WORK TO BE COMPLETED: Quote exactly, and only, the lines from the one containing "DIY - PLANT HANGER MACRAME смотреть онлайн" through the end of the material below. Skip pictures.
--
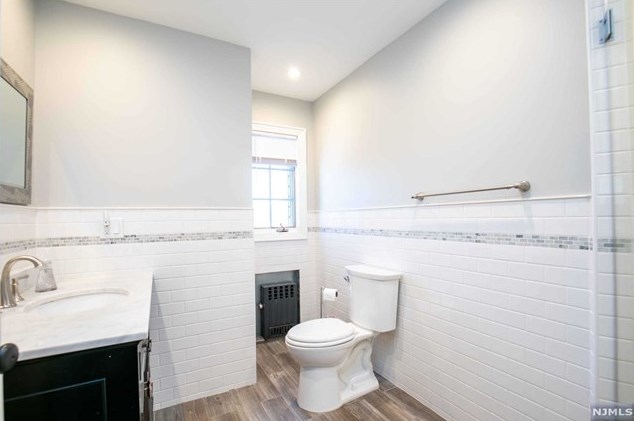 20 Raymond Ave, Rutherford NJ  07070-1132 exterior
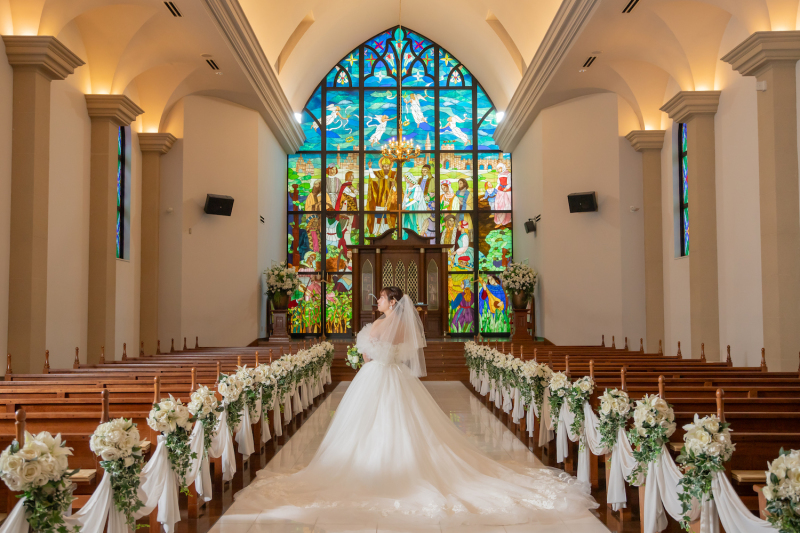 ウエディングドレスの撮影からスタートです！！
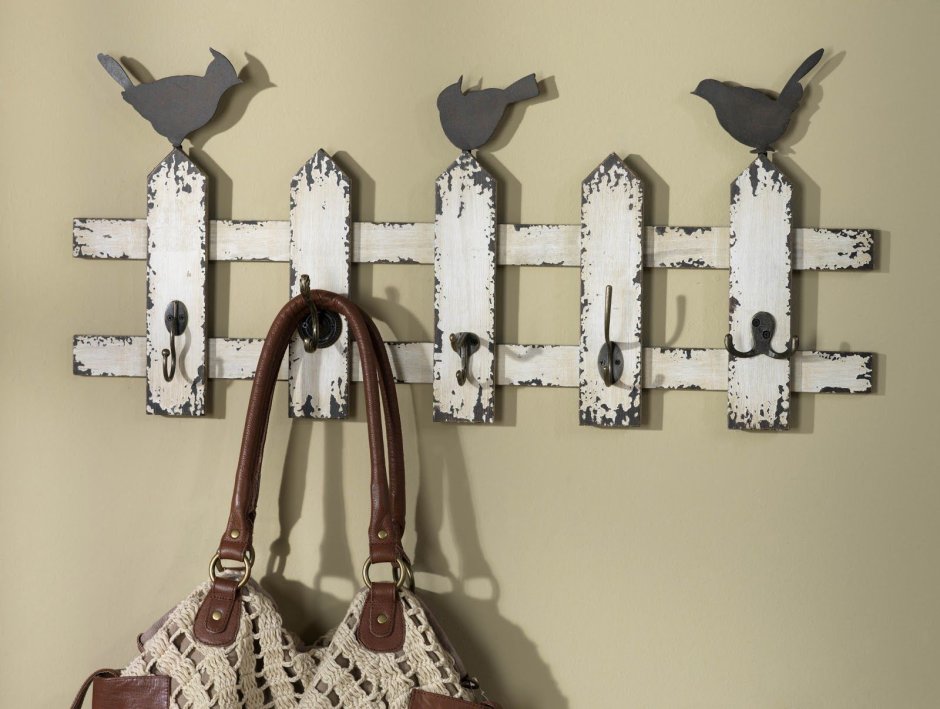 Вешалка в прихожую своими руками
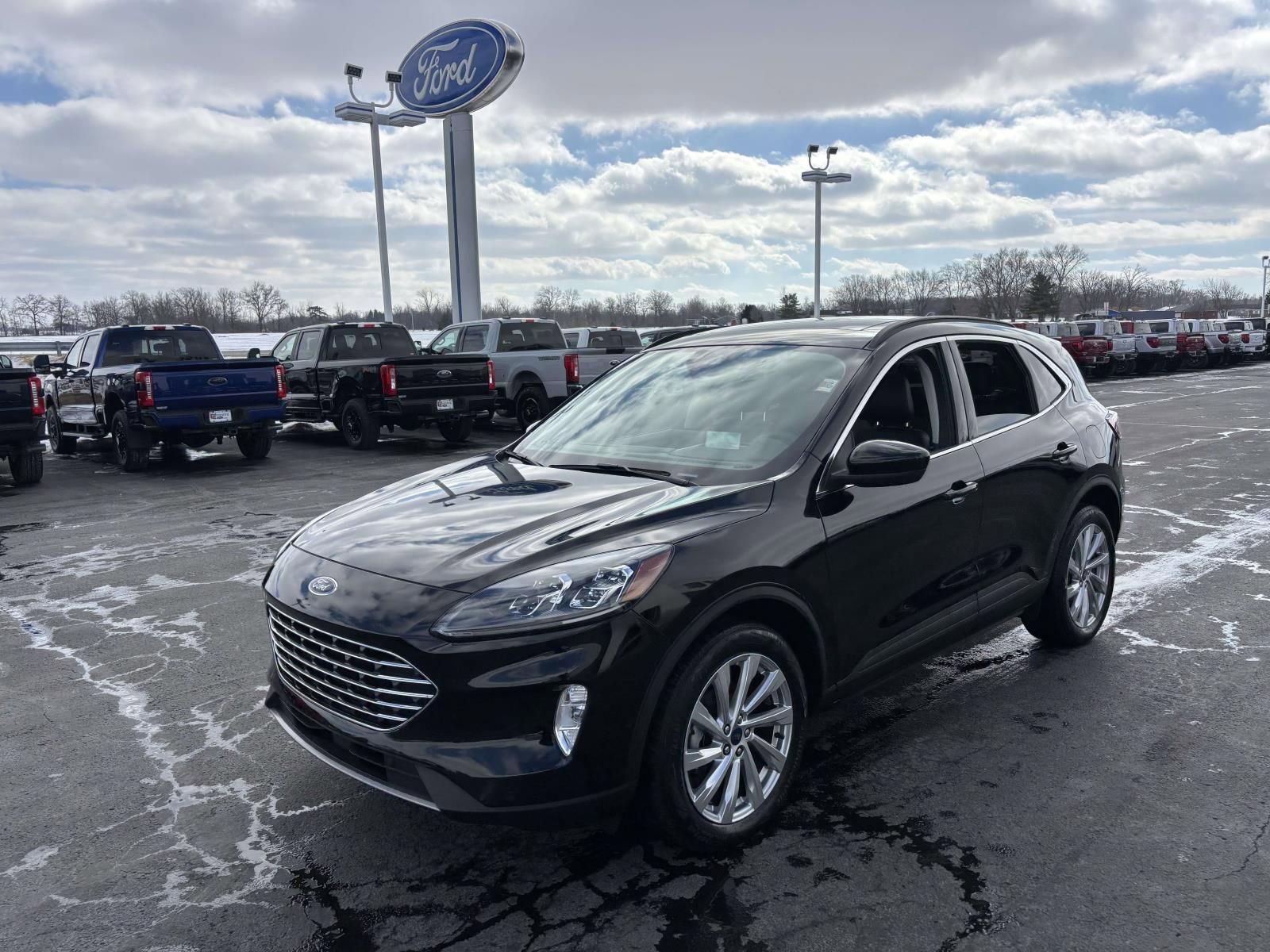 Used 2022 Ford Escape Titanium w/ Titanium Elite Package image 4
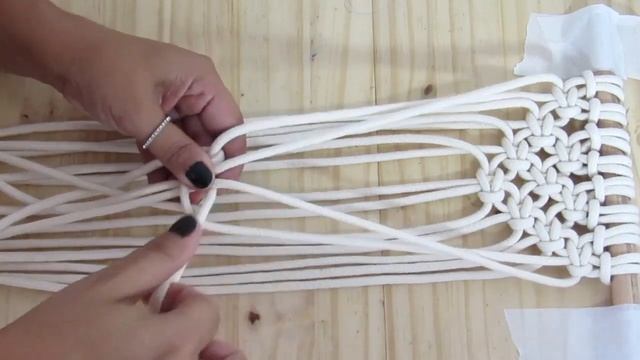 DIY - PLANT HANGER MACRAME смотреть онлайн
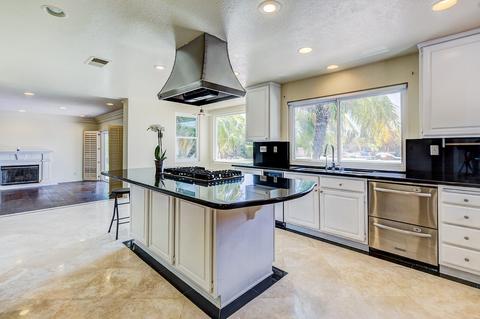 1882 Cabernet Dr, Chula Vista, CA 91913 photo 4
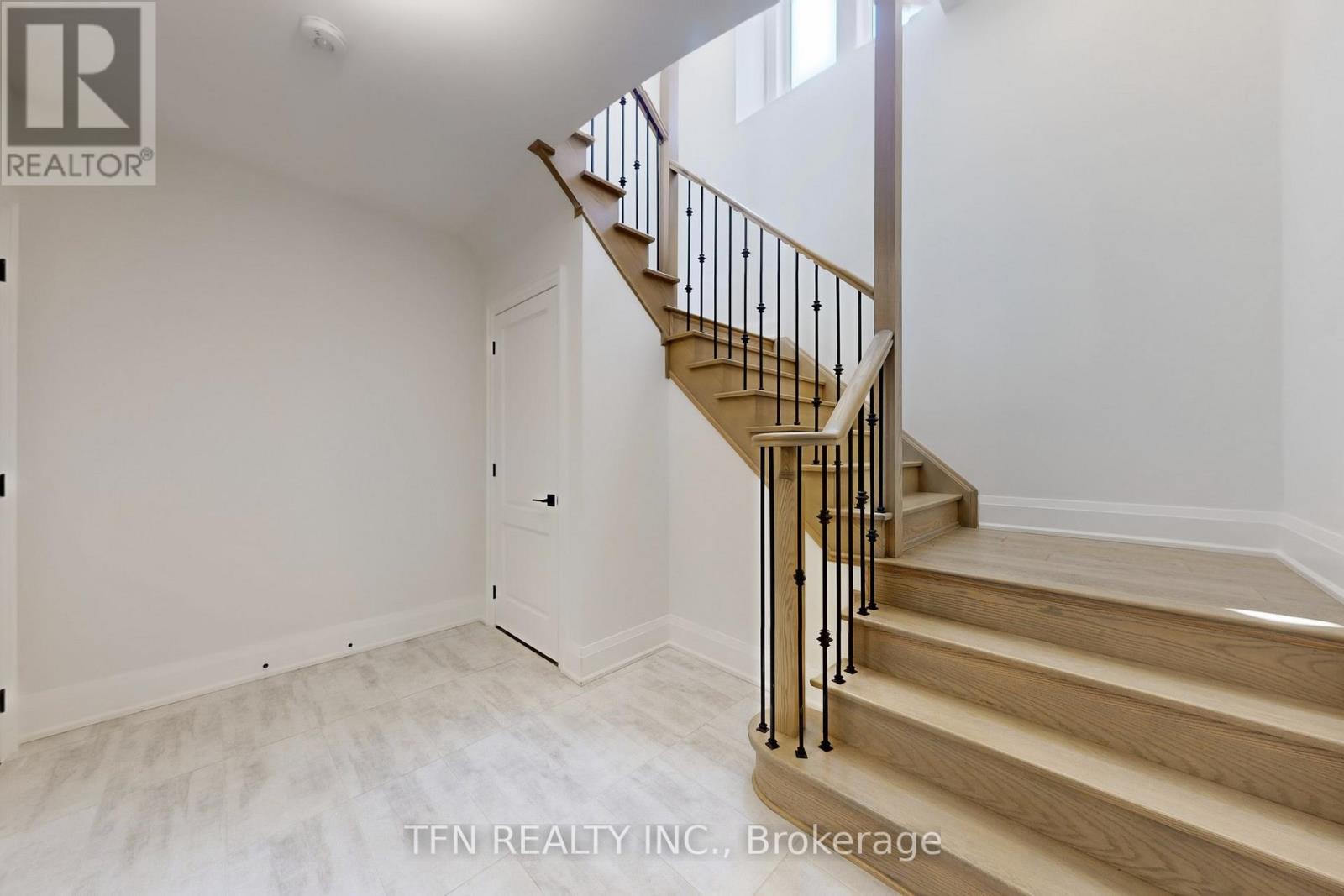 258 AMOS DRIVE - 33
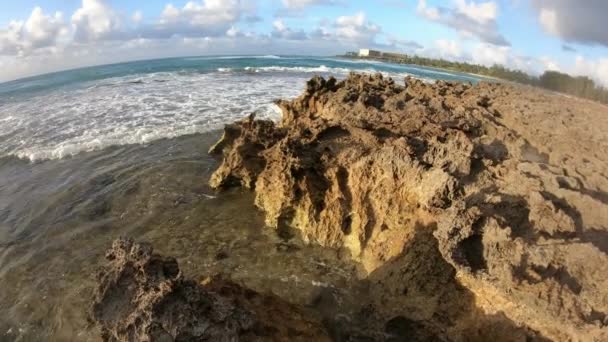 Ampla Vista Ângulo Olhando Para Enseada Rochosa Havaí — Vídeo de Stock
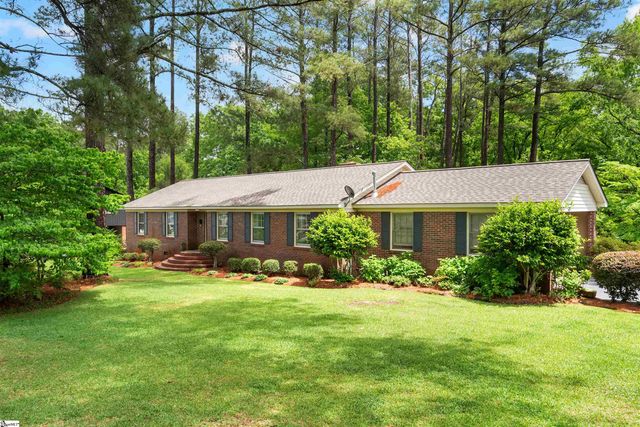 401 Woodland Way, Laurens, SC 29360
--
RESPONSE TO THIS EXERCISE:
 DIY - PLANT HANGER MACRAME смотреть онлайн
 1882 Cabernet Dr, Chula Vista, CA 91913 photo 4
 258 AMOS DRIVE - 33
 Ampla Vista Ângulo Olhando Para Enseada Rochosa Havaí — Vídeo de Stock
 401 Woodland Way, Laurens, SC 29360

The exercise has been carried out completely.